Transport yourself at Peirano's

Transport yourself at Peirano's

By Nicholas Franklin 11/01/2012

Peirano’s Restaurant  
204 E. Main St.
Ventura
648-4853
$6-$38

Before handing me the Buddha Spirit cocktail, the server at Peirano’s Restaurant apologized that they had run low on ginger syrup. I tried the drink and thought it was good as it was — plenty strong, the lemon and ginger flavors mingled with the vodka nicely, and the mint garnish made every sip refreshing.

Not three minutes later, however, the bartender came back to say she’d found more ginger syrup and wanted to correct my drink. I took her up on her offer to re-shake it, and after the addition the drink took on a sweet warmth that brought it full circle. My companion pointed over my shoulder and the bartender was waiting below for my approval; I gave a sincere thumbs-up.

Throughout the rest of our meal, the entire staff of Peirano’s Restaurant displayed this pride in their work — a genuine concern for their customers’ enjoyment. When I saw the menu online, I knew that they were aiming to be among the top-tier restaurants in Ventura County, and it’s obvious after visiting that they are well on their way.

It helps that the location is fantastic. Located in the historic Peirano’s Market Building (which formerly housed Jonathan’s), it’s right across the street from the San Buenaventura Mission. But after entering Peirano’s you feel completely transported. The beautiful wooden bar, aged brick walls, colored glass and artwork evoking Mediterranean coasts create a pleasant tension between feeling elsewhere yet looking out at the mission, which is so quintessentially Ventura.

While the Peirano’s building lends the restaurant the ability to feel hip without trying too hard, the quality of the service and food are products of sharp attention to detail. Just after settling into our seats, a basket of amber-toasted bread and rosemary olive oil were on the table before we could even look up to admire the vines snaking through the veranda above. The manager then checked in to see if we had any questions about the menu.

When our appetizer hit the table we were wonder-struck. Many say that a person eats with the eyes first, and with that in mind the tuna tataki was a favorite even before we ruined it with our forks. Thin slices of sunburst-purple watermelon radishes were arrayed around a generous mound of sashimi-grade yellowfin tuna, which was topped with yozu caviar and dressed with red miso vinaigrette.

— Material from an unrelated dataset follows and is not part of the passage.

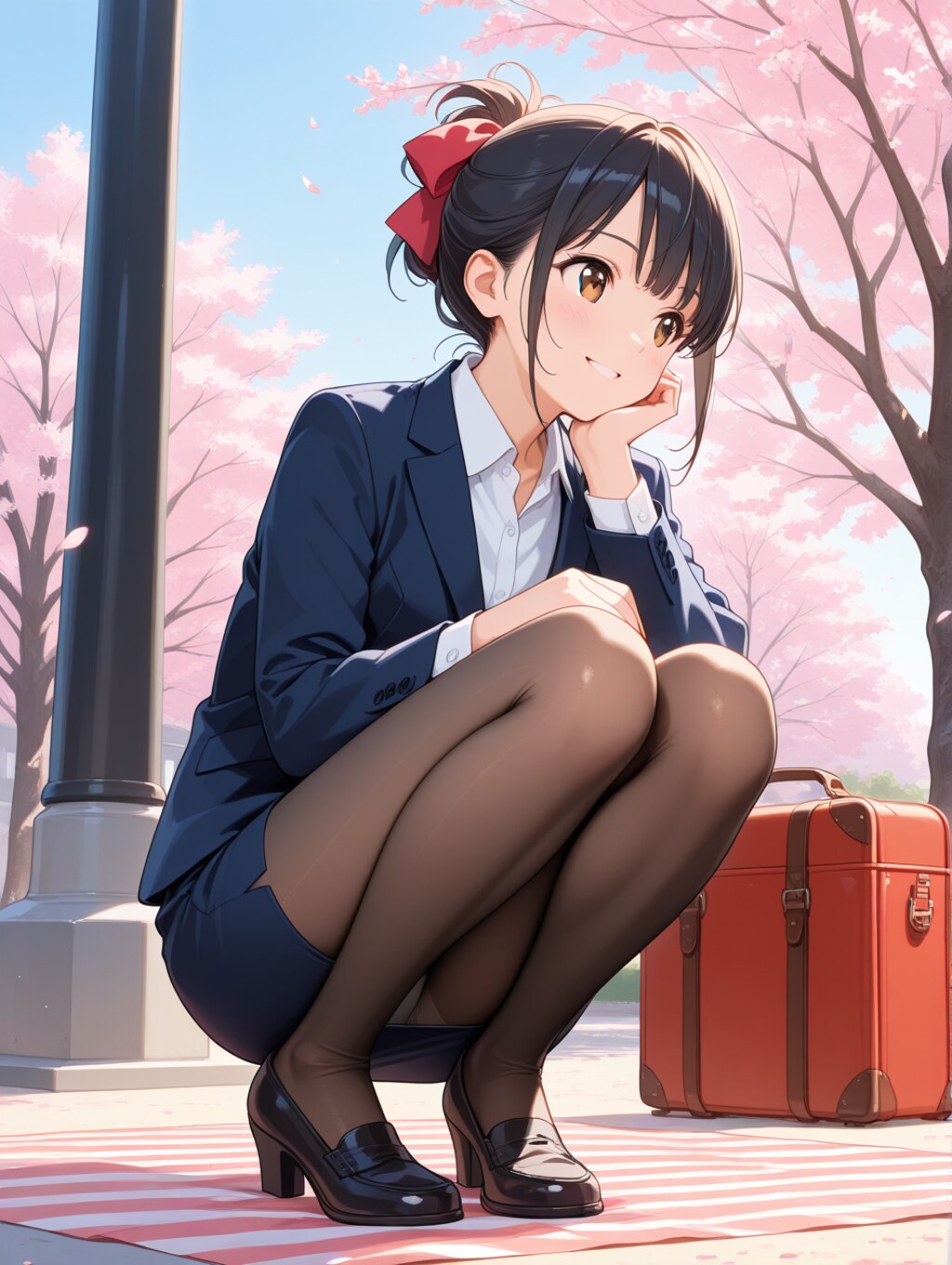 まだまだ桜はきれいですね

The flavors were light and not forceful, with the red miso vinaigrette giving a delicate, earthy saltiness. Getting a slice of the cucumber soaked in mirin (a sweet form of sake) was a sweet and tangy treat, and the watermelon radish was really effective for palate cleansing before going back for more.

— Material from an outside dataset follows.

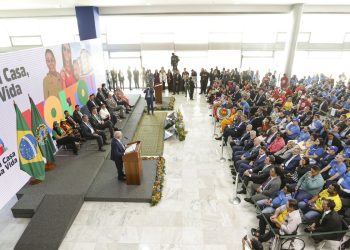 Lula ressalta melhorias do novo programa Minha Casa, Minha Vida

After our first course was whisked away, the manager checked back again to see if we’d enjoyed everything. Our server was very on-the-ball when she took it upon herself to make sure the wine we’d brought ($15 corkage) breathed while our entrees were being readied. She said our food would be out in 10 minutes; it came in seven.

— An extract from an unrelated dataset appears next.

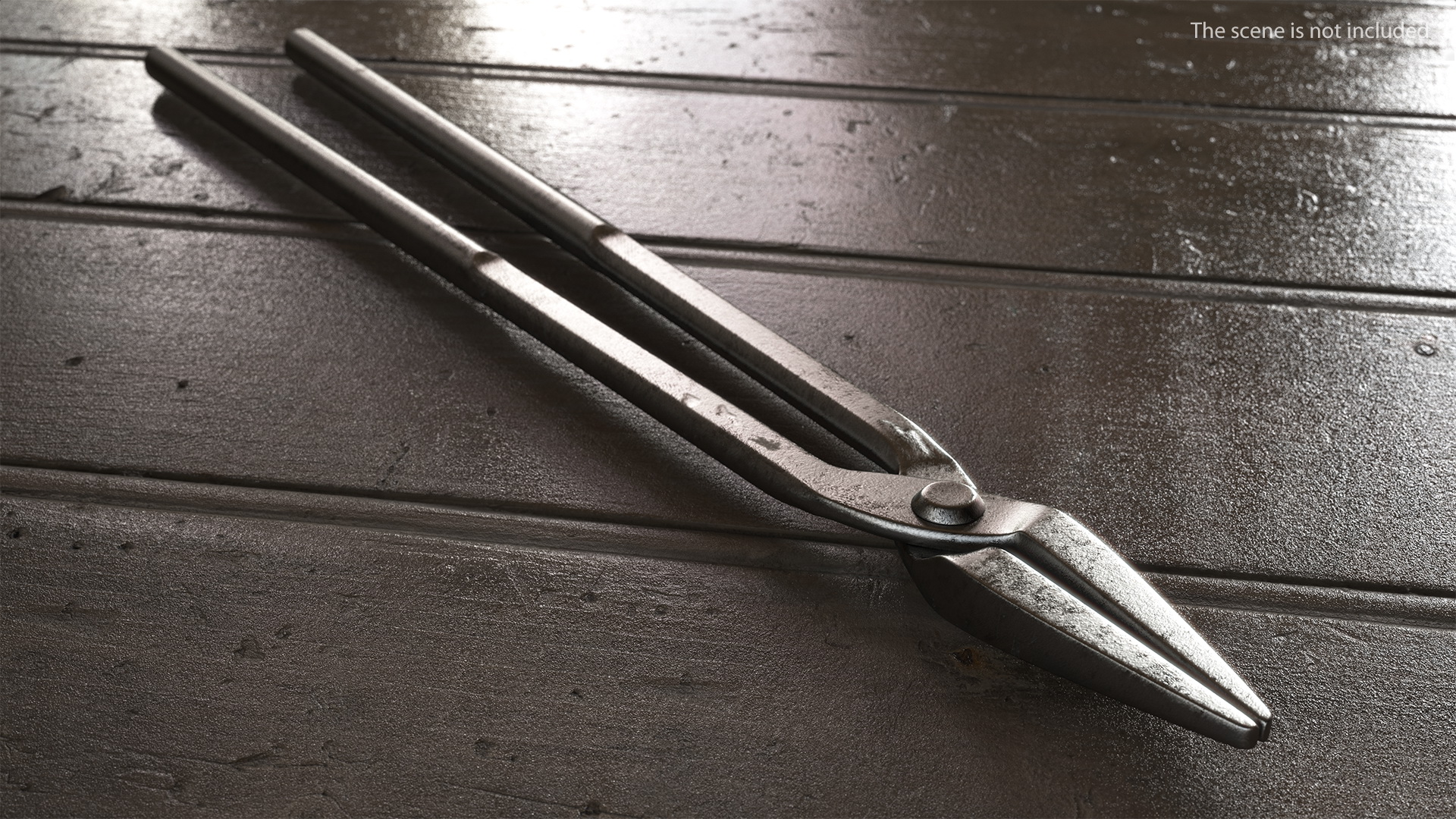 3D Blacksmith Scrolling Tongs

My companion ordered the crusted salmon, and when it came a sharp pang of envy hit me in the stomach. Partly from the smell, but mainly from the gorgeous golden-orange caramelization that ran around the edges of the oven-roasted filet, a sign of careful execution. The muhammara crust was more a spread over the top than a crust, but this Syrian concoction of roasted pepper, black walnut and pomegranate molasses was a delicious balance of nutty richness against the sweet and tart pomegranate.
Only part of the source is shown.